I can relate to your situation albeit I did not want to have children in this marriage. It will come a time, DB, OW will get tired of trying to get a reaction out of your H. Remember, not making a choice is a choice in itself. It will take some time for your H to process his guilt, his pain. Give him time...he is with you, focus on your couple. OW is a non-entity now, don't give her any power over your marriage. He'll get it - in time!!!
I agree comletely. And to me, right now, the fact that he is not making a choice is telling me that he does not respect my wishes and that he is not willing to do whatever it takes to make our marriage whole again. He is choosing to tell me "take it or leave it". I don't want to wait for OW to just give up - I want him to stand up and take action to correct all the mess he's made. For once I'm not interested in looking at and analyzing the past. I want to move forward but can't do that until he shows me he wants to move forward too. I admire your patience Kat, hopefully some will rub off on me!
<<<<<<<And to me, right now, the fact that he is not making a choice is telling me that he does not respect my wishes and that he is not willing to do whatever it takes to make our marriage whole again. He is choosing to tell me "take it or leave it". >>>>>>>>
wow.... DB !!! methink it is what YOU perceive him telling you ... please, please, please.... put your crystal ball in a box and ship it out to the North Pole LOL You are mind reading your H.... don't do that..... not good for fostering communication. I could deconstruct your writting but I won't do it.... I have been in your shoes... I KNOW....
DB.... take big deep breaths.... and let go of wanting to CONTROL the outcomes. He tells you when OW calls, you know about it, he is not only 'trying' he is 'doing'....he is with you... it is going to take a lot of time, dear... a lot of efforts from both of you. At times you'll wonder why you are still 'there'.. but it is your choice also. Learn to choose your battles. You appear to be fighting 'ghosts' at this time...

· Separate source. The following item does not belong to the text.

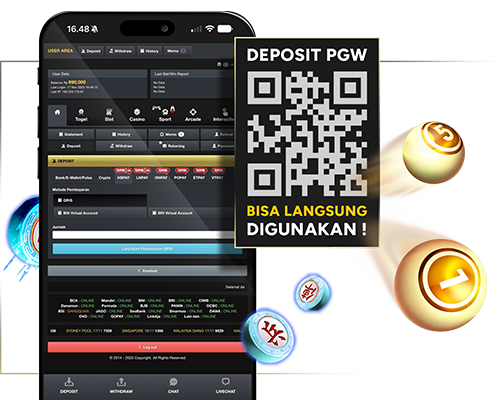 Download APK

The difficulty I see is the push/pull situation you are putting both of you, and the one up/one down position you are finding yourself into.
Concentrate on healing yourself and your part of the marriage so he can concentrate on healing himself and his part.
It is not a question of being patient, DB. It is a question of knowing what you want and doing what needs to be done in order to get there.
YOU WILL GET THERE... with or without him, you will become whole again, happy again, alive again...
Your situation pulls at my heart strings... been there, done that, got the T-shirt and he is 8 1/2 y/o !!!!!!!!!!!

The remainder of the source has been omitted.